First of all, they should be contacted. 
Instead of a fallback, maybe it's possible to do a Quirk for this specific case. 
I just realized that Safari is receiving the same thing. 

This is a typical bug for https://webcompat.com/

Firefox is also receiving the same bogus Content-Type. So it's at least not based on User-Agent sniffing.

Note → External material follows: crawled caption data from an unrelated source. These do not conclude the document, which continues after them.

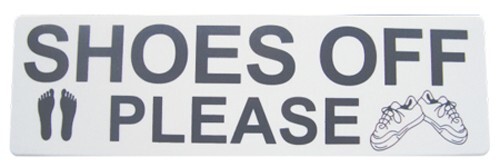 SHOES OFF PLEASE Sign stick on Shoesoff please sign Self Adhesive - Picture 2 of 2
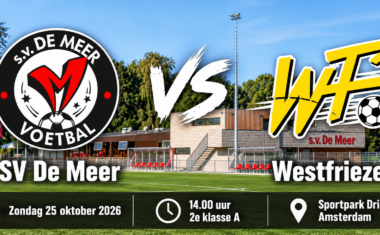 SV De Meer ontvangt Westfriezen op Sportpark Drieburg in Amsterdam voor een competitiewedstrijd in de tweede klasse A.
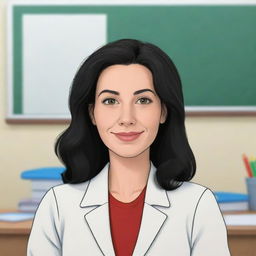 A high-definition cartoon of a cute, short, 35-year-old white female teacher with wavy long black hair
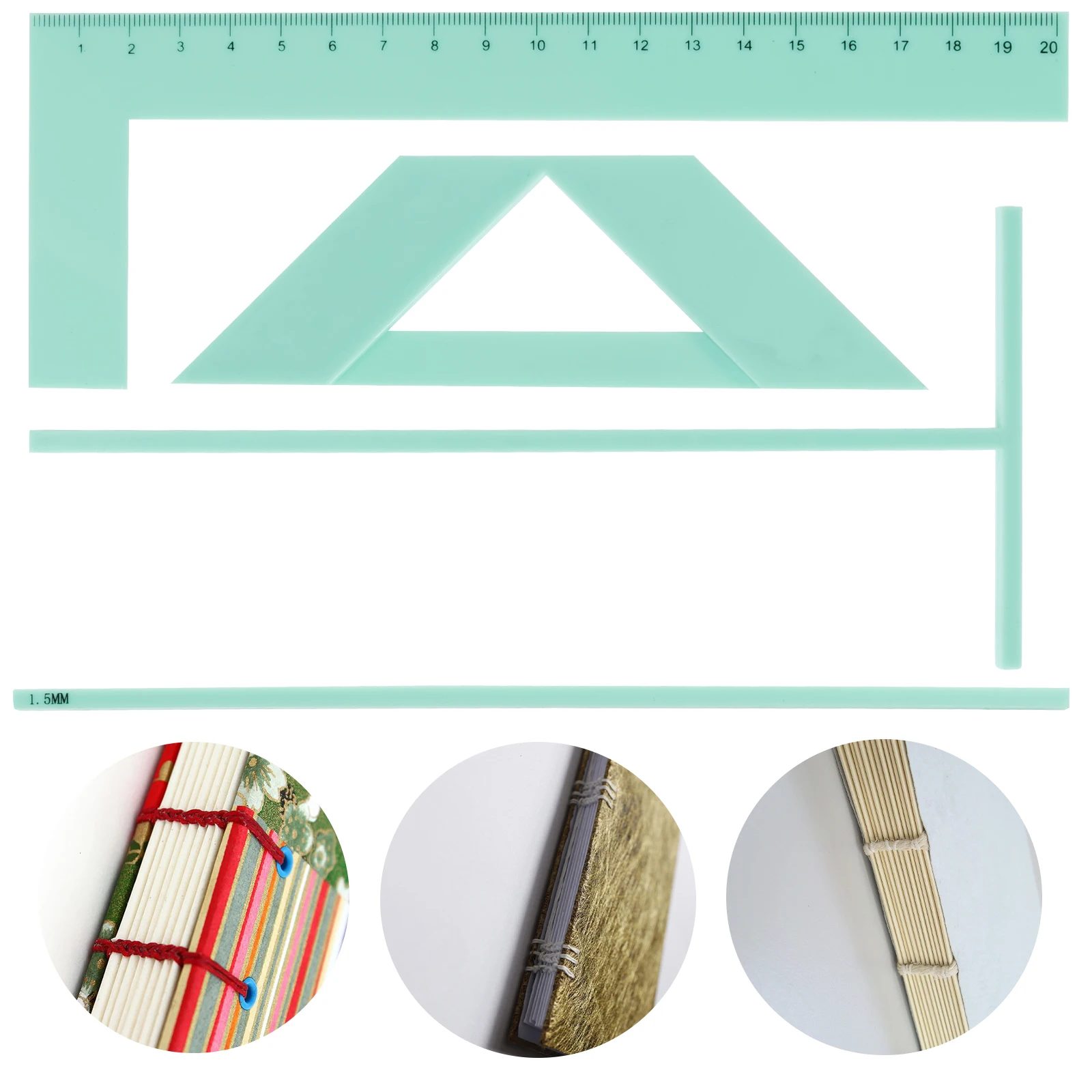 Bookbinding Tool Plastic Positioner Ruler Binding Device for Handbook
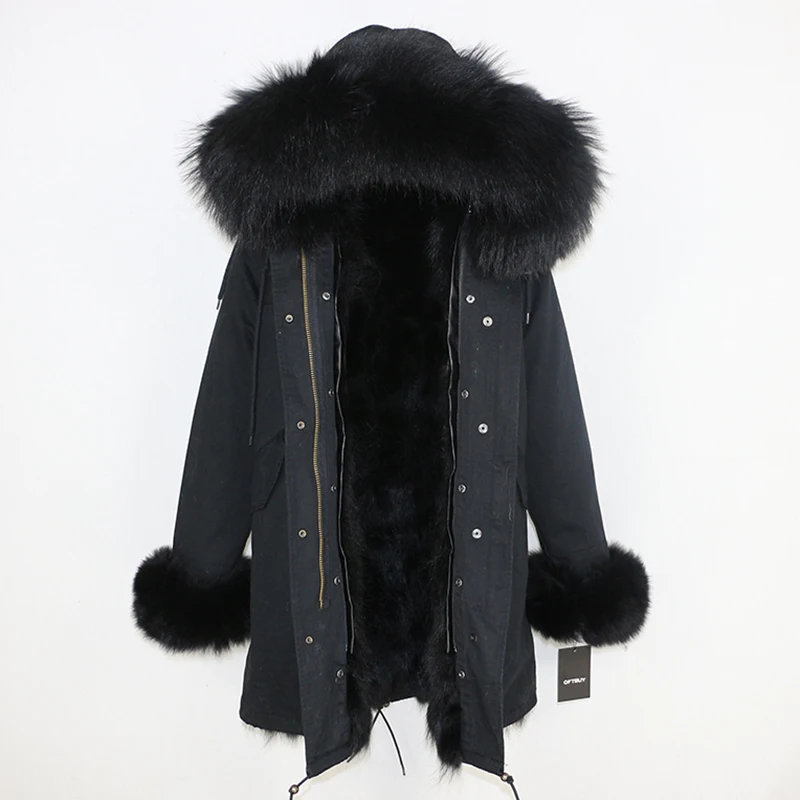 full black DX Женская парка на натуральном меху OFTBUY, черное пальто с натуральным лисьим мехом, с капюшоном с отделкой из меха енота, толстая теплая уличная одежда, зима - Цвет: full black DX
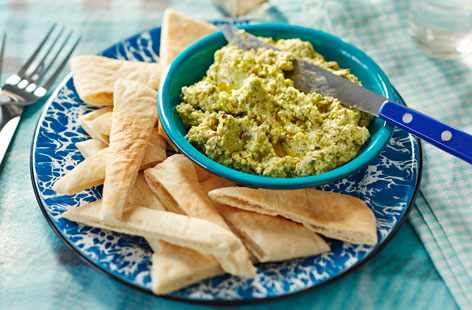 This broad bean, feta and pistachio blend is quick and simple to make, but totally tasty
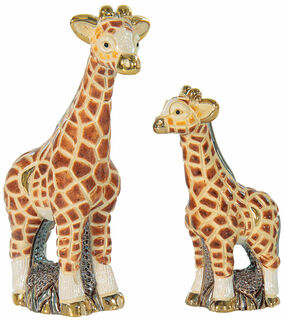 Lot de 2 figurines en céramique "Girafes"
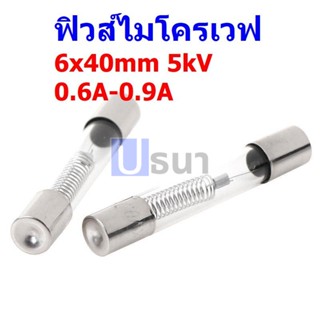 ฟิวส์ ไมโครเวฟ สาย กระบอกฟิวส์ Microwave Fuse 6x40mm 5kV 0.6A 0.65A 0.7A 0.75A 0.8A 0.85A 0.9A 1A #ฟิวส์ MW (1 ตัว)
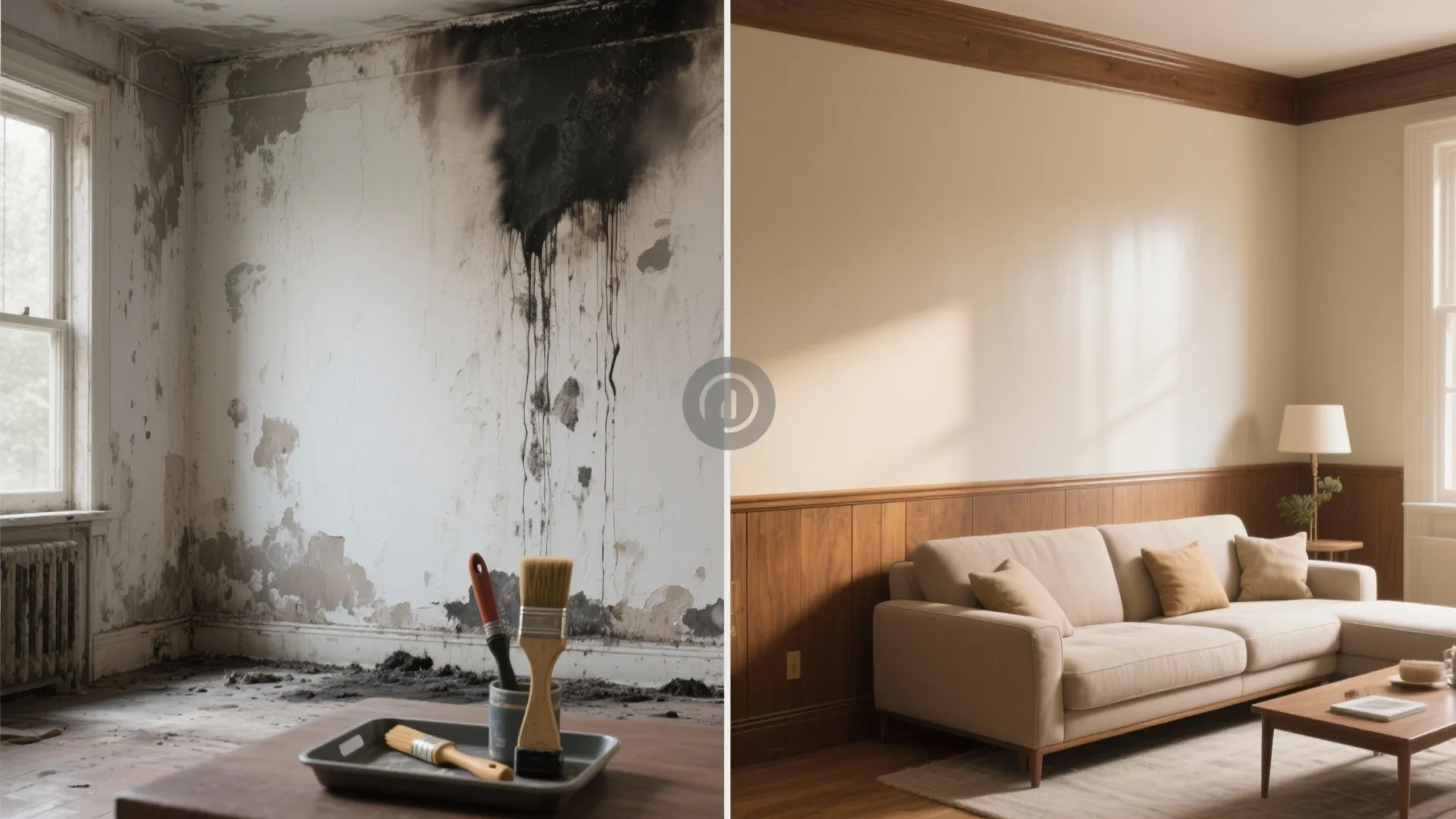 Before and after comparison of a damaged wall versus a clean living room with sofa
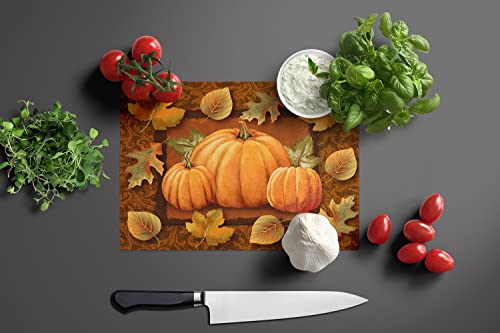  PTW2009LCB Pumpkins And Fall Leaves Glass Cutting Board Large, Decorative Tempered Glass Cutting And Serving Board Large Size Chopping Board,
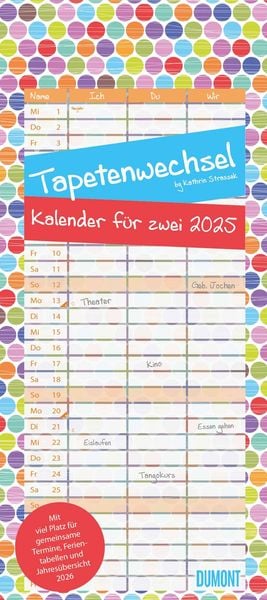 DUMONT - Tapetenwechsel 2025 Familienplaner, 22x49,5cm, Familien-Kalender für zwei, mit drei Spalten, Schulferien und Ja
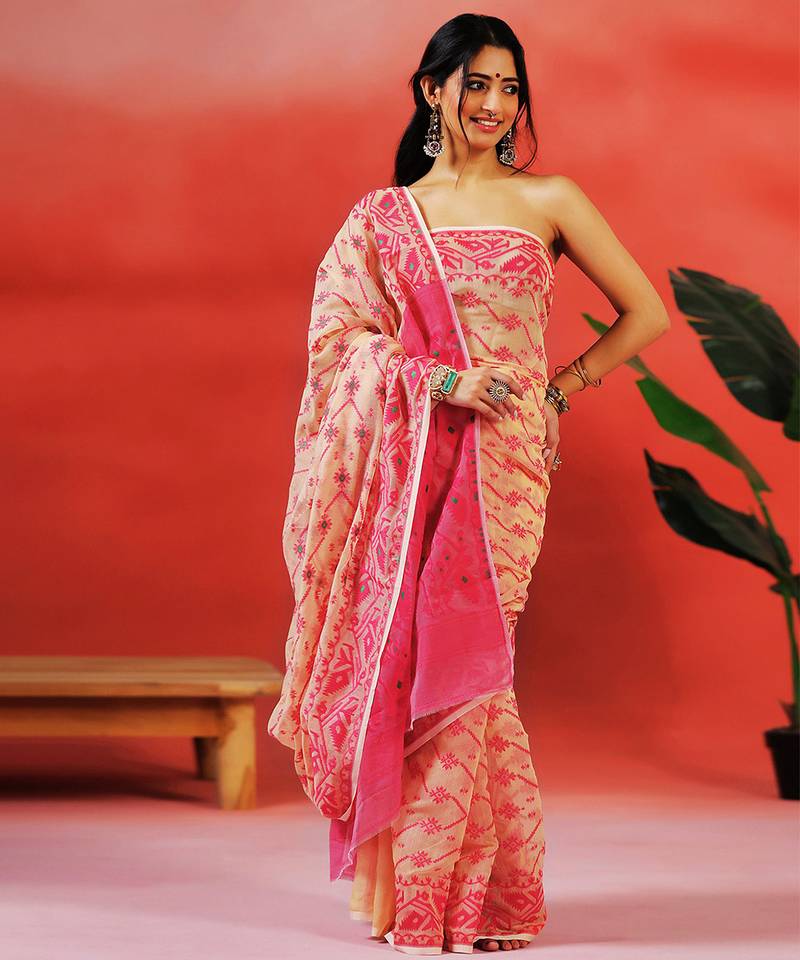 Pink beige handloom jamdani saree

If the bug is opened on webcompat.com aka (https://github.com/webcompat/web-bugs/)
it will be easier to contact people on radiofrance
https://github.com/orgs/radiofrance/people

Let's try first on Mastodon. I will send a message.
Comment 7 Guilaume Ayoub 2023-05-16 05:53:18 PDT
(In reply to Karl Dubost from comment #6)
> Let's try first on Mastodon. I will send a message.

OK. Thanks!

> If the bug is opened on webcompat.com aka
> (https://github.com/webcompat/web-bugs/)
> it will be easier to contact people on radiofrance
> https://github.com/orgs/radiofrance/people

Can I do this now, or should we wait for an answer on Mastodon?
Comment 8 Karl Dubost 2023-05-16 05:56:09 PDT
First attempt
https://mastodon.cloud/@Karlcow/110378453711258132
Comment 9 Karl Dubost 2023-05-16 05:56:49 PDT
It can still be opened on webcompat.com And I can continue there to contact radiofrance.
Comment 10 Guilaume Ayoub 2023-05-16 06:03:57 PDT
(In reply to Karl Dubost from comment #9)
> It can still be opened on webcompat.com And I can continue there to contact
> radiofrance.

Reported here: https://github.com/webcompat/web-bugs/issues/122352
Comment 11 Youenn Piolet 2023-05-16 08:42:29 PDT
Salut Karl, salut Guillaume,

Thanks for the notification, the dev teams have been made aware and we can reproduce.
I'm on holiday but I think a fix is on it's way :)

Cheers,
Comment 12 Youenn Piolet 2023-05-16 09:10:31 PDT
I should be fixed now :)
Thanks again for the notification
Comment 13 Michael Catanzaro 2023-05-16 10:08:09 PDT
Thanks Youenn!

I'd like to keep this bug open though, since to be web compatible we'll need to figure out what to do about other pages with this problem. I've retitled the bug to reflect that Radio France is no longer broken.